Un expert critique sur un reportage
L’enquête de Radio-Canada sur de présumés abus policiers envers des Autochtones bafouait plusieurs normes
Un reportage de l’émission Enquête qui levait le voile sur de présumés abus envers des femmes autochtones de Val-d’Or par des policiers a bafoué plusieurs normes journalistiques, estime un expert.
« S’il avait été fait dans les règles de l’art, je suis convaincu qu’il n’y aurait pas eu ce reportage-là... ou il aurait été différent [...] Il serait beaucoup moins percutant, moins persuasif », a rapporté l’expert en journalisme Marc-François Bernier.
Le professeur à l’Université d’Ottawa est très critique du travail de la journaliste Josée Dupuis.
Son rapport a été déposé devant le tribunal dans le cadre d’une poursuite en diffamation de 42 policiers contre Radio-Canada en lien avec le reportage Abus de la SQ: des femmes brisent le silence, diffusé en 2015.
La journaliste y donnait la parole à des femmes autochtones de Val-d’Or, en Abitibi, qui affirmaient avoir été victimes de violences physiques et sexuelles de la part de policiers.
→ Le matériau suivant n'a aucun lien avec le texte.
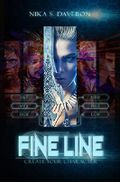 Fine Line: Create your Character: Roman Cover des Buches Fine Line: Create your Character: Roman (ISBN: B07WFHTMD7)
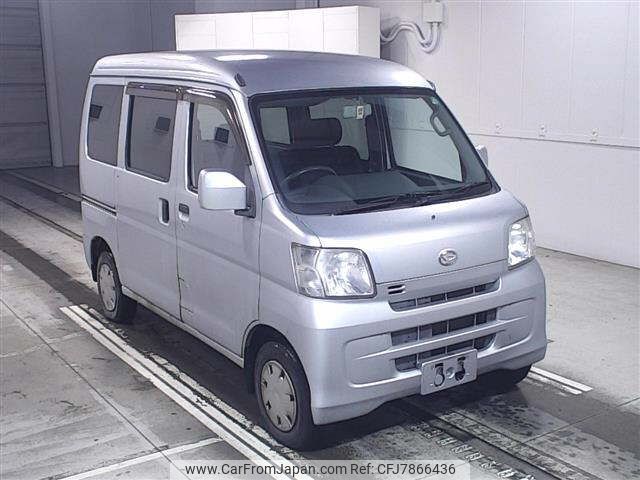 daihatsu hijet-van 2010 -DAIHATSU--Hijet Van S321V-0065256---DAIHATSU--Hijet Van S321V-0065256- image 1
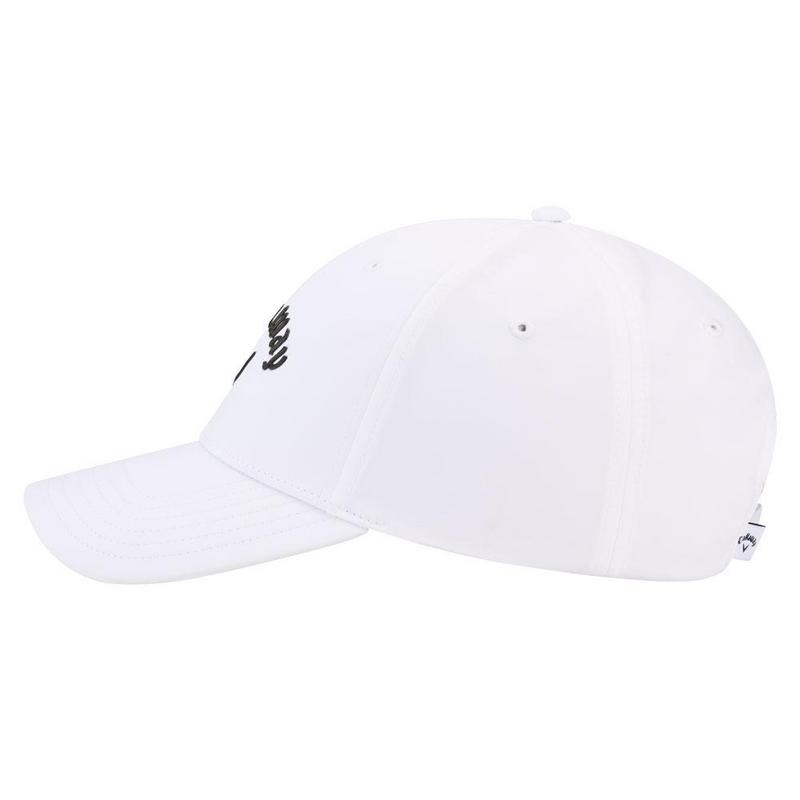 Callaway Liquid Metal Golf Cap White - main image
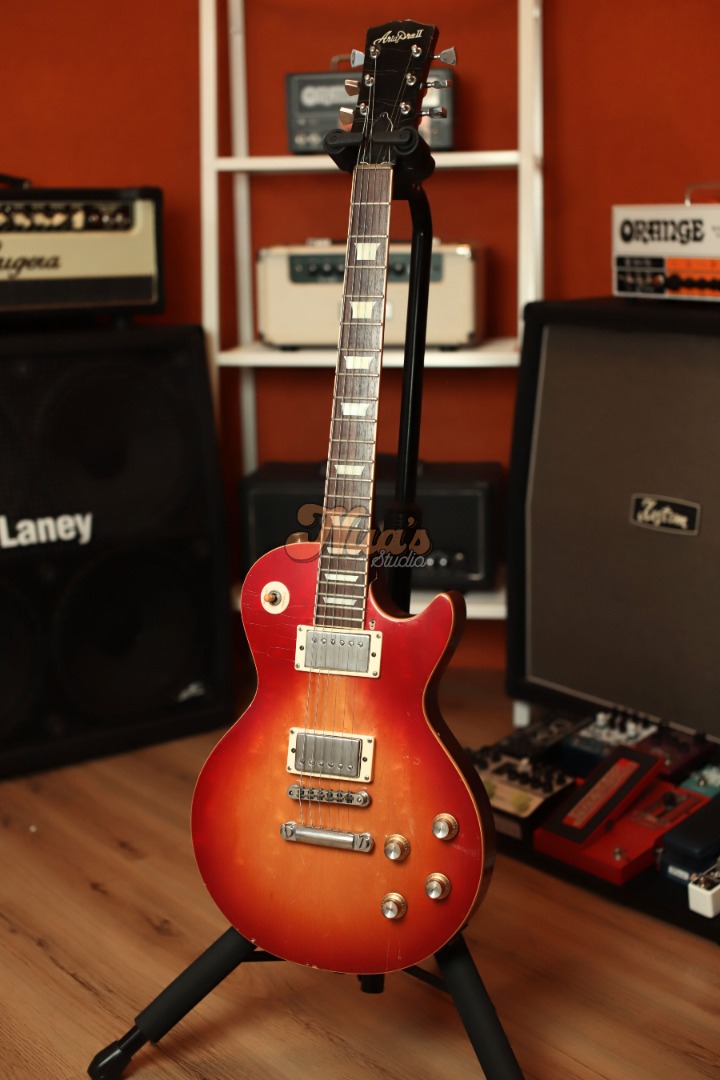 ARIA PRO II LA700 VINTAGE 1976 FULL RELIC, Hobbies & Toys, Music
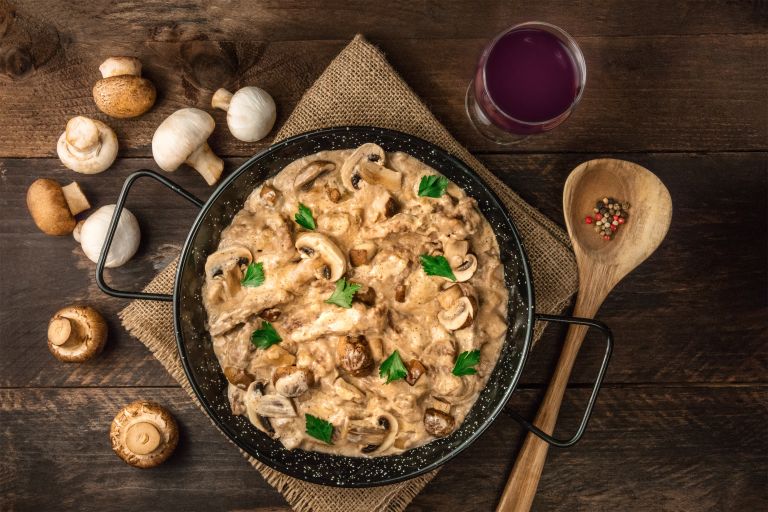 Découvrez les spécialités de la cuisine russe
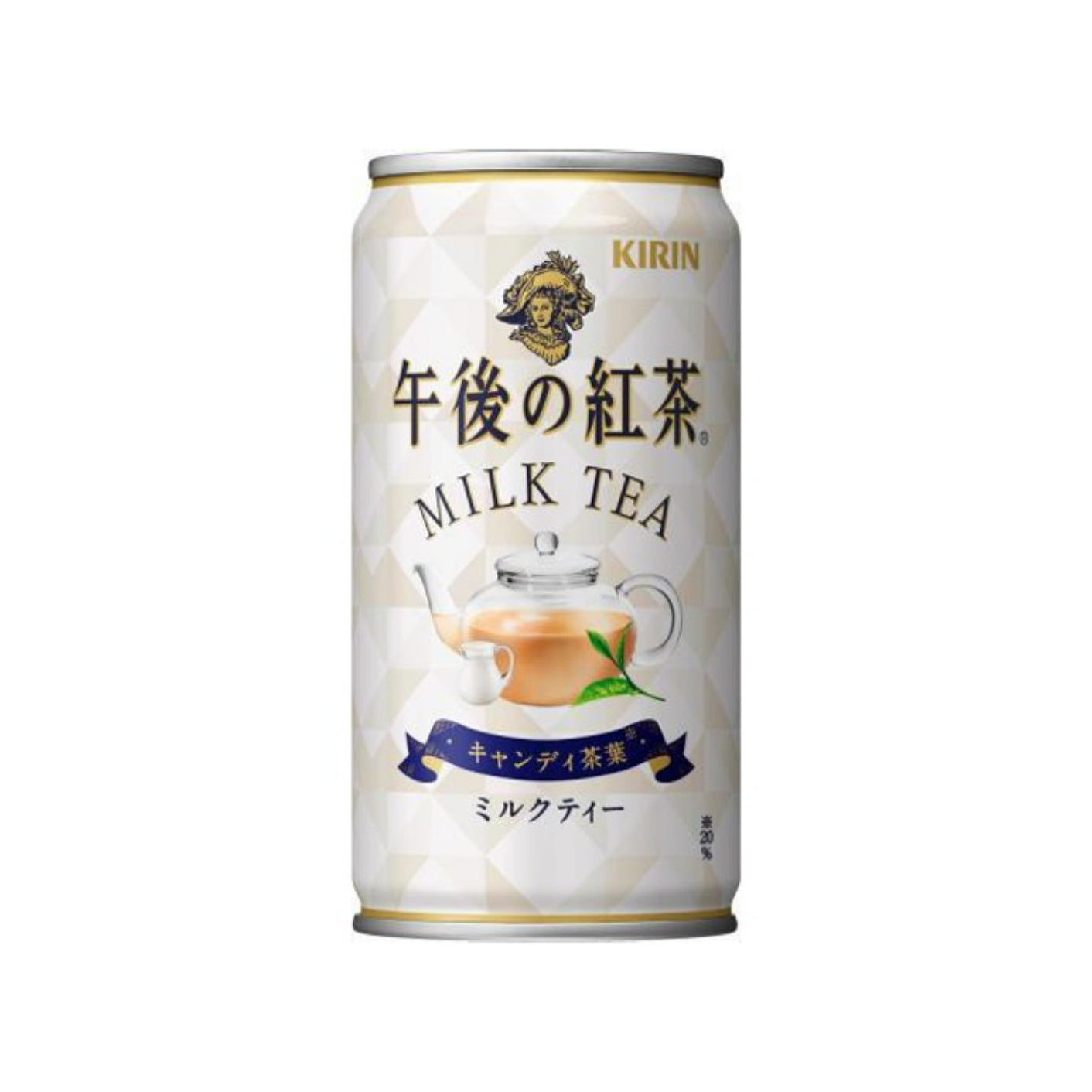 kirin milk tea 185g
Cela avait créé une véritable onde de choc, poussant même le gouvernement à créer la commission Viens sur les relations entre les Autochtones et les services publics.
NORMES TRANSGRESSÉES
Or, le reportage transgresse plusieurs normes de la déontologie du journalisme, détaille Marc-François Bernier dans son rapport de 90 pages. Entre autres, « bon nombre d’allégations sont diffusées sans corroboration, sans même une démarche de corroboration », constate-t-il.
« Quand on arrive à des allégations graves, ici de nature criminelle, a dit M. Bernier en faisant allusion aux présumés abus sexuels, il faut aller vérifier autant que possible leur fondement. »
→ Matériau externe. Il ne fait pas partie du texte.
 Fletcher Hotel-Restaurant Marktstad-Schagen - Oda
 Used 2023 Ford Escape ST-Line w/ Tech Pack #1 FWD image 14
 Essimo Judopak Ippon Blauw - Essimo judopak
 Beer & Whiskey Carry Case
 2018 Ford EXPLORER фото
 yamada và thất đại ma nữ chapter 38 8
L’expert cite aussi le cas de Priscillia Papatie, qui relatait avoir été laissée dans un stationnement de Walmart en pleine nuit par des policiers ayant mis en morceaux son cellulaire. Or, elle a donné une version contradictoire de cet événement, que l’on peut entendre dans des extraits laissés de côté lors du montage, révèle le rapport.
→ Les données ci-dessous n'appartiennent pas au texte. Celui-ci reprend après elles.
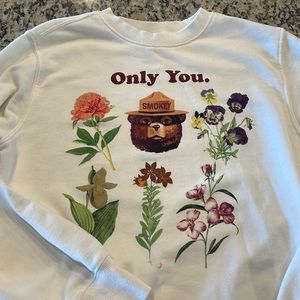 Smokey the Bear Sweatshirt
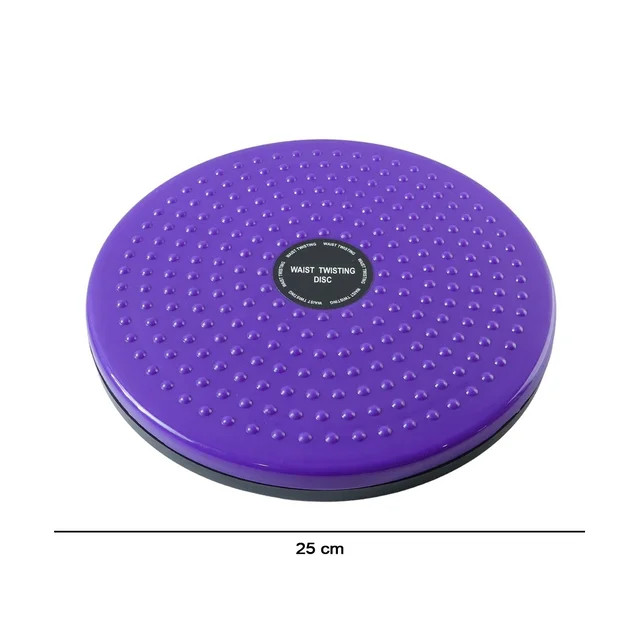 Waist Twisting Disc – Effective Core & Waist Shaping Tool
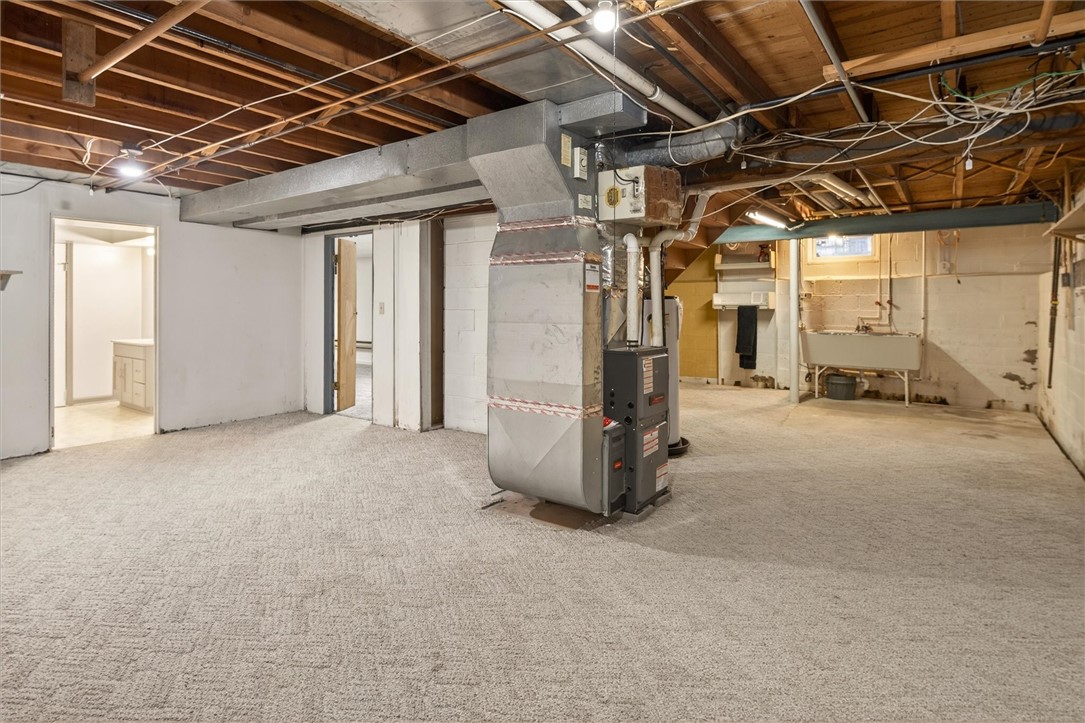 667 Hard Road Webster, NY 14580 - Photo 41 of 45 Newer HVAC.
« La journaliste n’a pas cherché à corroborer laquelle de ces versions était véridique », écrit M. Bernier. Il a précisé, lors de son témoignage, « qu’on avait des ficelles pour voir si c’était vrai ou pas, mais on n’a pas tiré dessus ».
UN TITRE SENSATIONNALISTE
Le chercheur universitaire estime aussi qu’« en choisissant un titre trompeur et sensationnaliste, l’équipe d’Enquête et Radio-Canada ont transgressé la règle » de la rigueur et de l’exactitude.
Selon lui, la journaliste savait que certaines allégations remontaient à plusieurs années, alors que Val-d’Or était sous l’autorité de la sûreté municipale. Les « abuseurs » étaient d’ex-policiers alors à la retraite ou des policiers au service de la Sûreté municipale de Val-d’Or.
« Ce titre incit[e] faussement les publics à poser un jugement critique et à s’indigner contre les policiers de la SQ en poste à Val-d’Or. »
Rappelons que les policiers de la SQ qui disent avoir vécu « l’opprobre social » à la suite de la diffusion réclament 3 M$ en dommages pour diffamation.